It was maybe two years later, about the same time I started on my unhealthy SNES addiction streak, when Wolfenstein 3D hit me. It hit me hard. I was in a stationery store, when I saw a bin littered with $5 games. Wolfenstein or Duke Nukem? Both sounded good, but my underdeveloped brain went for the 3D in the title. Looking back, I think I made the better of the two choices. Here it was, the next generation of gaming. The ascension of Doom only caused my drool to thicken.

Even with the 3D generation rapidly approaching, I clung to my SNES until my own paychecks during college afforded me my own Playstation. Heh, great, only two and a half years late. But at $100, it was a bargain. The swath of RPGs would come… and go. So late in the 32-bit game, already the Dreamcast was launching, the PS2 was in the works, and the Gamecube and Xbox had been announced.
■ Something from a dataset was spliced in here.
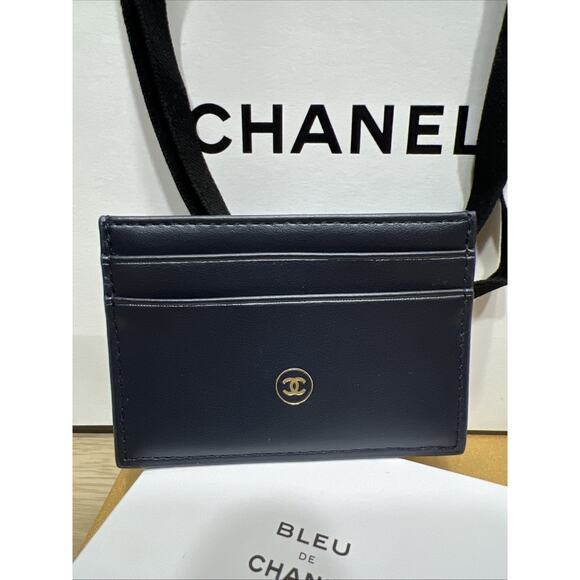 CHANEL Bleu Wallet Cardholder for Men Limited Edition + Sample Perfume & Bag - Picture 4 of 5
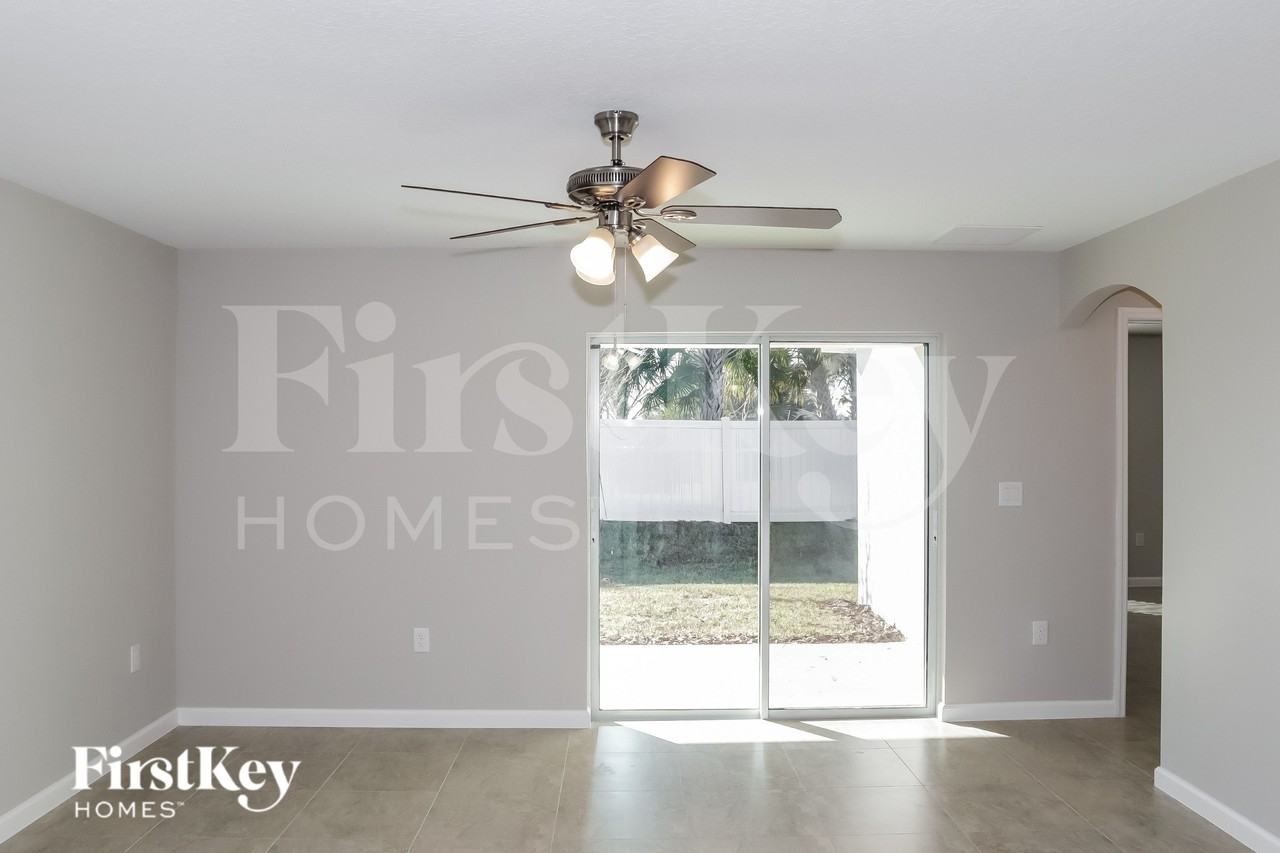 445 Earheart Dr - Photo 3 of 15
Eventually, I would come to own all four, casting off the fanboy shackles that limited my gaming experience. Four years later, I suckered myself into owning all consoles–and portables–from the major gaming powerhouses…again.

And that’s where I stand today. My backlog is unbelievably long, with titles that now reach as far back as the NES days thanks to downloadble services such as Nintendo’s Virtual Console on Wii. Meanwhile, current-generation titles on Xbox 360, Wii and Playstation 3 all order me to pay them attention. It’s the sad truth of getting older, fatter, and balder.